## DESCRIPTION OF THE TASK
In the copy, include every entry exactly but none of its images.
====================
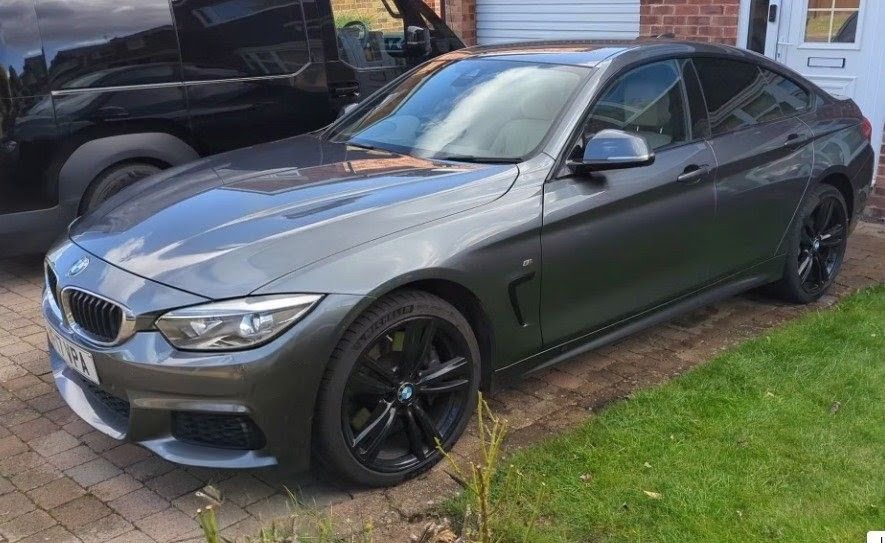 4 Series Gran Coupe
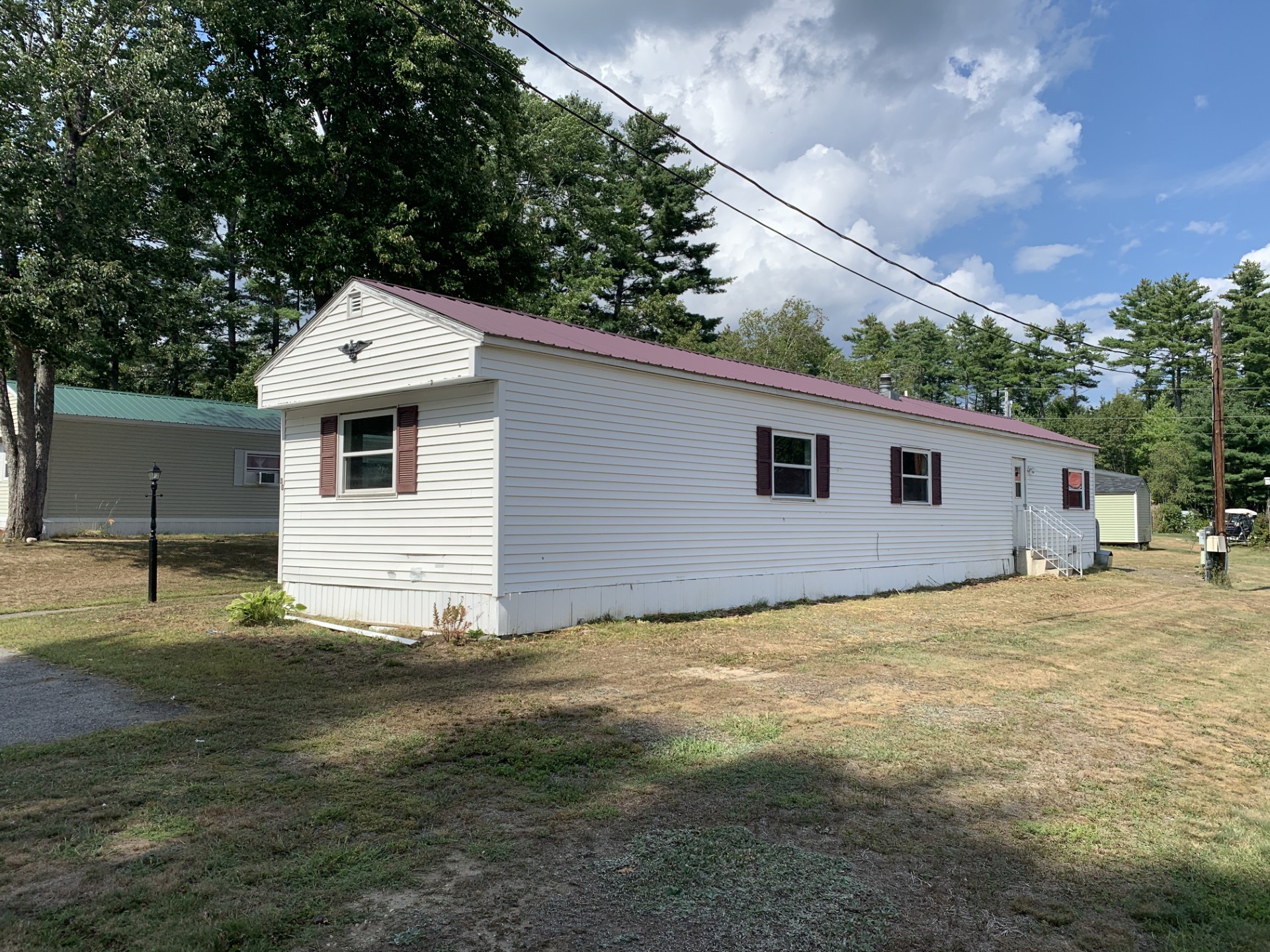 A photo of the Pine Tree Estates Home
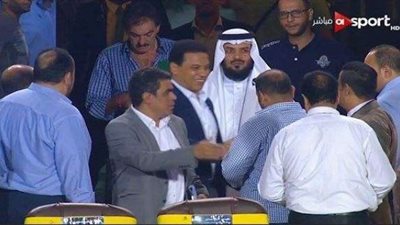 الظهور الأول لـ «البدري» ومؤازرة بيراميدز من المدرجات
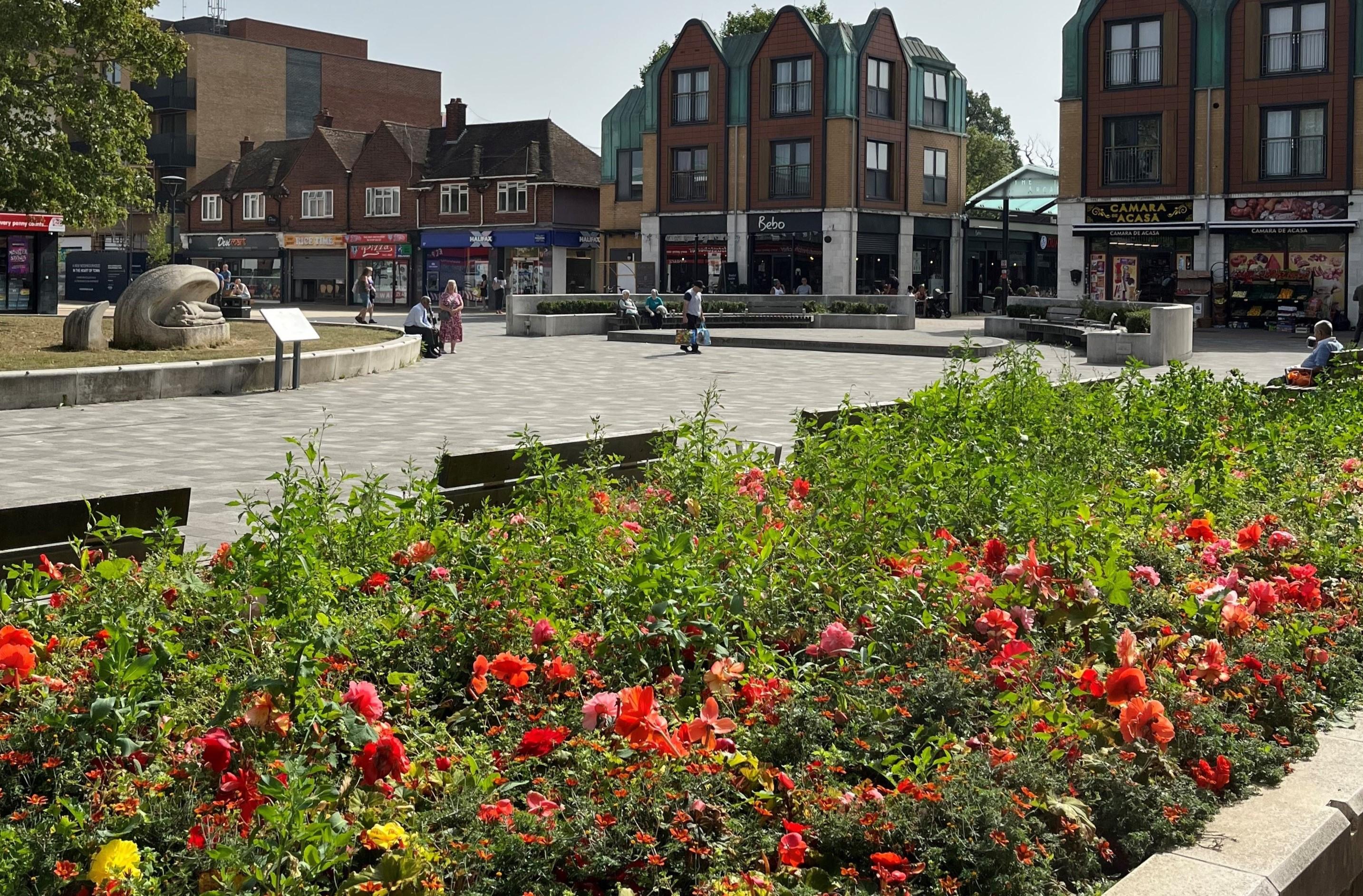 Welwyn Hatfield Borough Council Homepage Welwyn Hatfield Borough Council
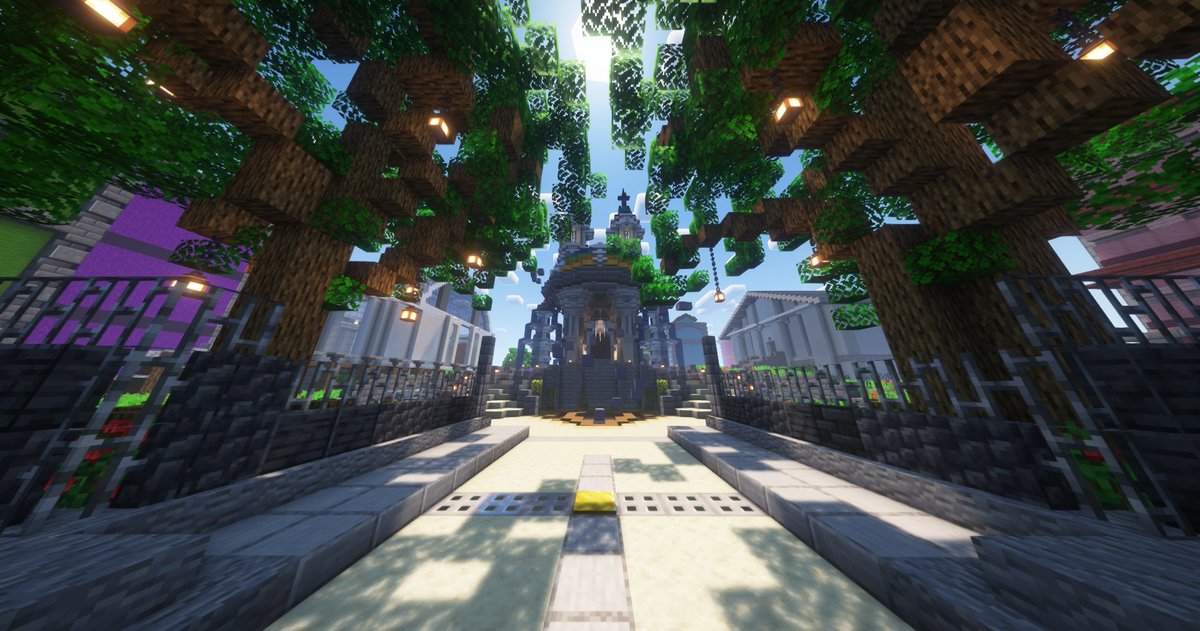 Minecraft Showdown tweet media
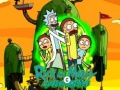 Logħba Rick u Morty: Avventura onlajn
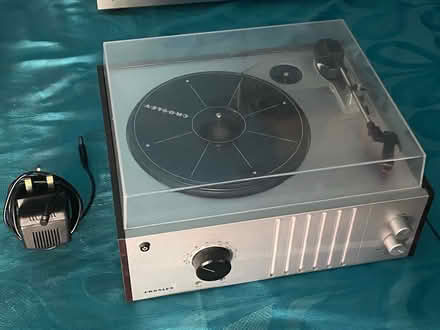 Photo of free Record player (Newport) #1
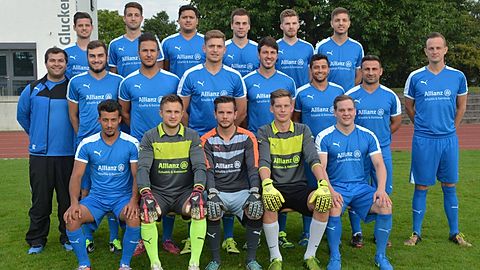 SV Kornwestheim 2 - 2016/2017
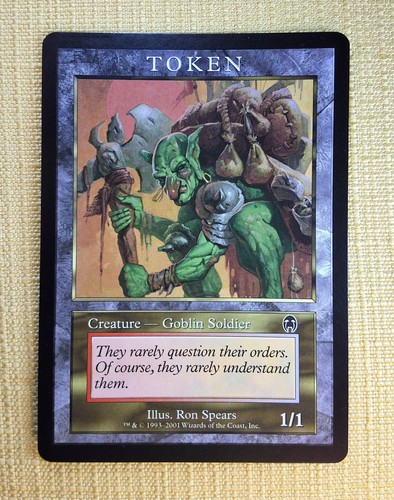 Magic player rewards promos - -,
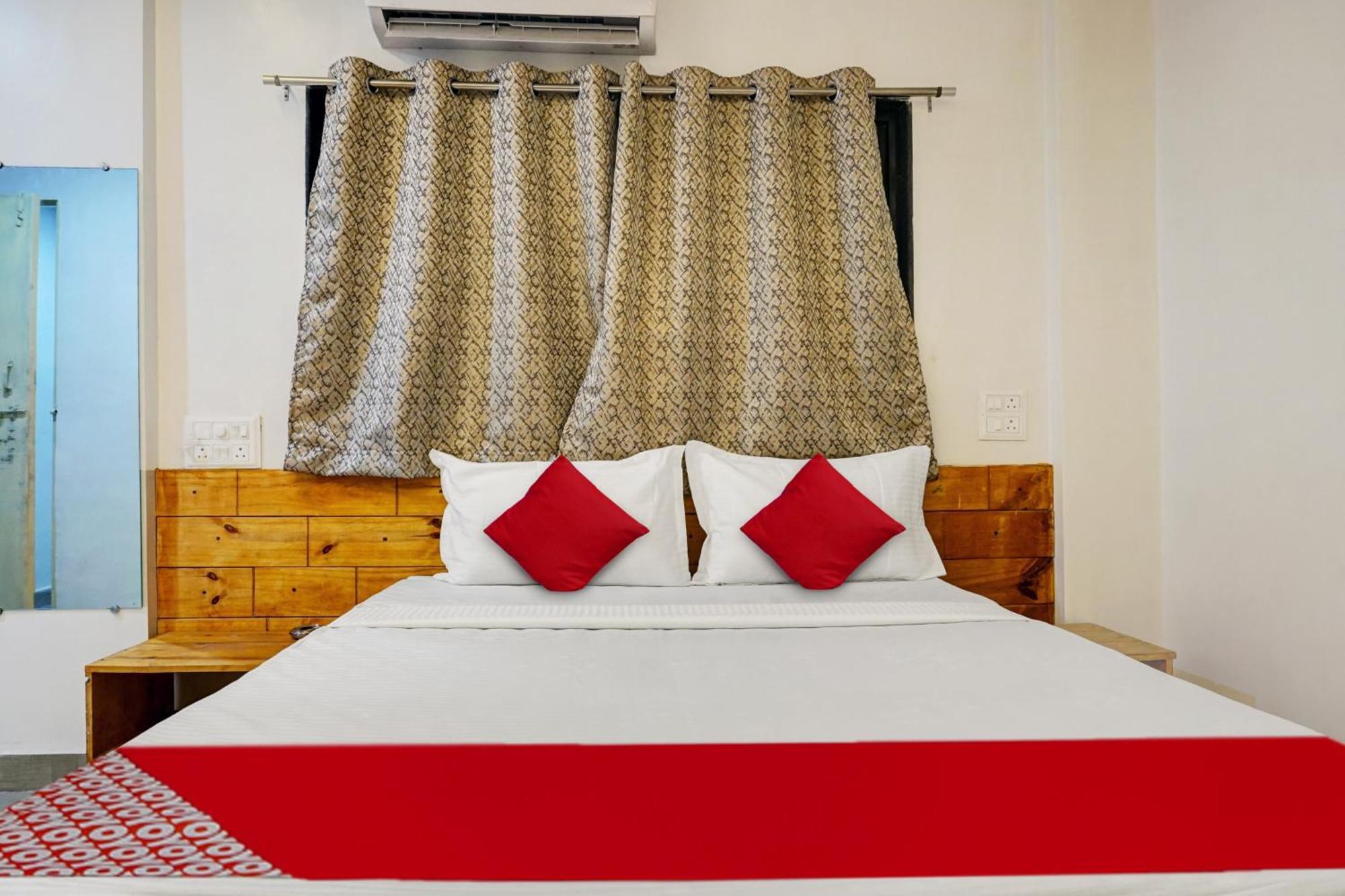 Hotel O Paradise Arvi Экстерьер фото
====================
## THE COMPLETED TASK
 4 Series Gran Coupe
 A photo of the Pine Tree Estates Home
 الظهور الأول لـ «البدري» ومؤازرة بيراميدز من المدرجات
 Welwyn Hatfield Borough Council Homepage Welwyn Hatfield Borough Council
 Minecraft Showdown tweet media
 Logħba Rick u Morty: Avventura onlajn
 Photo of free Record player (Newport) #1
 SV Kornwestheim 2 - 2016/2017
 Magic player rewards promos - -,
 Hotel O Paradise Arvi Экстерьер фото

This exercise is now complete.